With deference to the 1976 SEC interpretation, the appeals court interpreted the election exclusion as applying to shareholder proposals that relate to a particular election and not to proposals, as in this case, that would establish the procedural rules governing elections generally.

AIG suggested that the interpretation of the election exclusion adopted by the panel improperly conflicts with a proposed SEC rule that would require corporations in particular circumstances to include certain shareholder nominated director candidates in the corporate proxy statement.

The SEC's proposed rule 14a-11 would entitle a holder of at least 5% of the corporation's voting stock to place a nominee on the corporate ballot, but only if the proxy access rule had been activated by one of two triggering events, including the adoption by majority vote of a shareholder proposal submitted by a holder of more than 1% of the company's voting stock. The court said that proposed rule 14a-11 essentially establishes a process by which the shareholder proposal mechanism, subject to heightened eligibility requirements, may be employed to adopt a proxy access rule that is uniform across companies.

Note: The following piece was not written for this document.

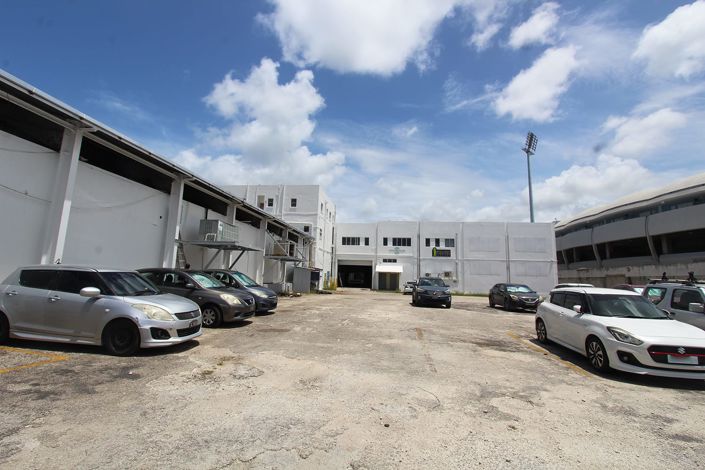 Image No.23-Property for sale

The court recognized that its holding facilitates a process for adopting non-uniform proxy access rules that are less restrictive than that created by proposed rule 14a-11. There may be no reason for a rule based on proposed rule 14a-11 to coexist with the procedure that the holding makes available to shareholders. If the Commission ultimately decides to adopt rule 14a-11, then such an action, although unnecessary, would likely be sufficient to modify the interpretation of rule 14a-8(i)(8) that the court adopted.

The SEC, reacting quickly to the court's ruling, announced that the Division of Corporation Finance will recommend an amendment to rule 14a-8 regarding director nominations by shareholders. The staff proposal, still to be developed, will address issues raised by the decision. The Commission has calendared the recommendation for consideration at an open meeting to be held on October 18, 2006.

SEC Chairman Christopher Cox said that important shareholder rights in the proxy process are best secured under a consistent national application of rule 14a-8 to shareholder proposals. Therefore, to provide certainty with regard to shareholder proposals in every judicial circuit, he has directed the staff to prepare recommendations for revisions to rule 14a-8 that will assure its consistent nationwide application. He said that a final proposal will be considered at an open meeting of the Commission that will be scheduled to allow a final rule to go into effect in time for the 2007 proxy season.